Before Bangladeshi cyber security expert Tanvir Hassan Zoha was abducted by unidentified men in Dhaka last month, he had expressed fears he could be arrested for his comments to the media about an $81 million cyber heist.
Hackers had ordered the New York Fed to transfer $81 million from Bangladesh central bank funds to accounts in the Philippines. The scale of the heist created a major scandal over how the accounts had been breached.
When investigators were still piecing together what had happened, Zoha held a news conference on March 11 to raise concerns over the security standards and cybersecurity protections in place on the bank's computer servers and to fault senior bank officials.
But Zoha also claimed that he worked for Bangladesh's department of Information and Communication Technology (ICT) and advised the government on cybersecurity issues. However, soon after Zoha’s comments were broadcast, ICT issued a statement saying that it had never had any connection with Zoha.
The authorities also shut him out of the cyber heist case where he was a key investigator.
This photo provided by the Bangko Sentral ng Pilipinas, from left, Second Secretary and Head of Chancery of the Bangladesh Embassy in Manila Probash Lamarong, Anti-Money Laundering Council (AMLC) Secretariat Executive Director Julia Bacay-Abad and AMLC Member and Insurance Commissioner Emmanuel Dooc opens a bag containing US dollars that was returned by Chinese casino junket operator Kam Sin Wong to Bangladesh and Philippine AMLC officials in Manila, March 31, 2016.
Zoha's family claimed that his comment criticizing the bank's senior officials might have played a role behind his disappearance.
The computer expert is now back at home after a week missing, but he is not talking about who took him, or why.
That does not surprise rights activists in Bangladesh, who say such reticence is typical for victims of forced disappearances by the state.
Hong Kong-based Bangladeshi rights activist Mohammad Ashrafuzzaman said it's a routine pattern.
“In recent years, whoever returned home following such disappearances, maintained the same pattern of silence and refrained from revealing the truth in the process,” Ashrafuzzaman, who works as a liaison officer of Asian Legal Resource Center (ALRC), told VOA.
“I think Zoha, too, will not reveal the details about his disappearance, at least until Bangladesh sees a change in its regime," he said.
Soon after the Sheikh Hasina-led Awami League (AL) took to power in Bangladesh in 2009, allegations of enforced disappearances of people began surfacing in Bangladesh.
Most of those who became victims of enforced disappearances in the country were activists and leaders of the parties which are in opposition to AL.
According to Bangladeshi human rights group Odhikar, between January 2009 and February 2016, at least 240 persons became victims of forced disappearances in Bangladesh.

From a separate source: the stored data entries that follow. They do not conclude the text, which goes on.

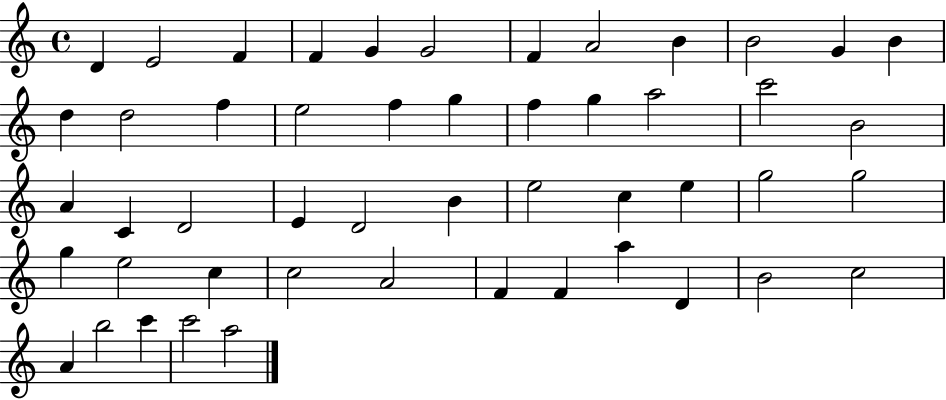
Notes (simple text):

D4/q E4/h F4/q F4/q G4/q G4/h F4/q A4/h B4/q B4/h G4/q B4/q D5/q D5/h F5/q E5/h F5/q G5/q F5/q G5/q A5/h C6/h B4/h A4/q C4/q D4/h E4/q D4/h B4/q E5/h C5/q E5/q G5/h G5/h G5/q E5/h C5/q C5/h A4/h F4/q F4/q A5/q D4/q B4/h C5/h A4/q B5/h C6/q C6/h A5/h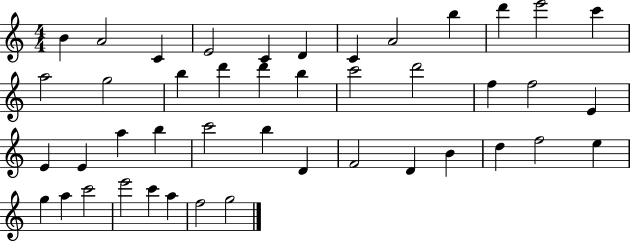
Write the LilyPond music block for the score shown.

{
  \clef treble
  \numericTimeSignature
  \time 4/4
  \key c \major
  b'4 a'2 c'4 | e'2 c'4 d'4 | c'4 a'2 b''4 | d'''4 e'''2 c'''4 | \break a''2 g''2 | b''4 d'''4 d'''4 b''4 | c'''2 d'''2 | f''4 f''2 e'4 | \break e'4 e'4 a''4 b''4 | c'''2 b''4 d'4 | f'2 d'4 b'4 | d''4 f''2 e''4 | \break g''4 a''4 c'''2 | e'''2 c'''4 a''4 | f''2 g''2 | \bar "|."
}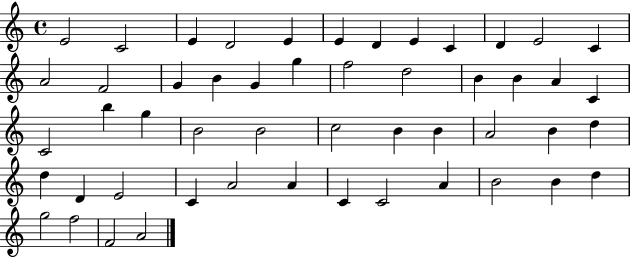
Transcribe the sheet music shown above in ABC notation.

X:1
T:Untitled
M:4/4
L:1/4
K:C
E2 C2 E D2 E E D E C D E2 C A2 F2 G B G g f2 d2 B B A C C2 b g B2 B2 c2 B B A2 B d d D E2 C A2 A C C2 A B2 B d g2 f2 F2 A2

The group counted and documented only those cases where the witnesses alleged that the victims had been taken away by men who claimed or appeared to be members of the law enforcement agencies.
Among the cases documented by Odhikar, 32 were later found dead, 101 were shown arrested or freed alive, while the whereabouts of 107 people remain unknown.
FILE - Bangladeshi opposition activists shout slogans carrying a portrait of Elias Ali, an opposition politician who is suspected to have been abducted by security forces in Dhaka, May 9, 2012.
Although most cases of enforced disappearances were blamed on the law enforcement agencies, only very rarely do victims or their families press for legal remedy for their detention.
No action against perpetrators
In 2013, Sajedul Islam Suman, a local leader of opposition Bangladesh Nationalist Party, was abducted along with six others by unknown men in Dhaka.
Eyewitnesses reported that men wearing black uniforms of the paramilitary force Rapid Action Battalion (RAB) forced them into a van.
“Soon after, we attempted to file suit against the security forces for the abduction. But police refused to register our complaint. They said, if in our complaint we mentioned of RAB or any security agency as being involved in the case, they would not accept the complaint,” Sanjida Islam Tulee, Sumon’s sister, told VOA.
“They said, ‘We can accept your complaint if you write only that he left home, that he has not returned and that he is missing,' " Tulee said.
Nur Khan, director of rights group Ain o Salish Kendra (ASK), noted that the fear of retribution remains strong in those who are disappeared and return home.
"They fear that if they reveal the details about their disappearances, they will have to disappear again or they will face serious threats to their lives. Basically for this reason they remain silent,” Khan told VOA.
“They believe that the people who held them in captivity were powerful and connected to high places. They also suspect, their captors enjoyed patronage by the state or could be members of the state’s security forces," Khan said.
Foreign rights groups such as Human Rights Watch and Amnesty International routinely demand Bangladesh create an independent panel to investigate forced disappearances, but there has been little progress.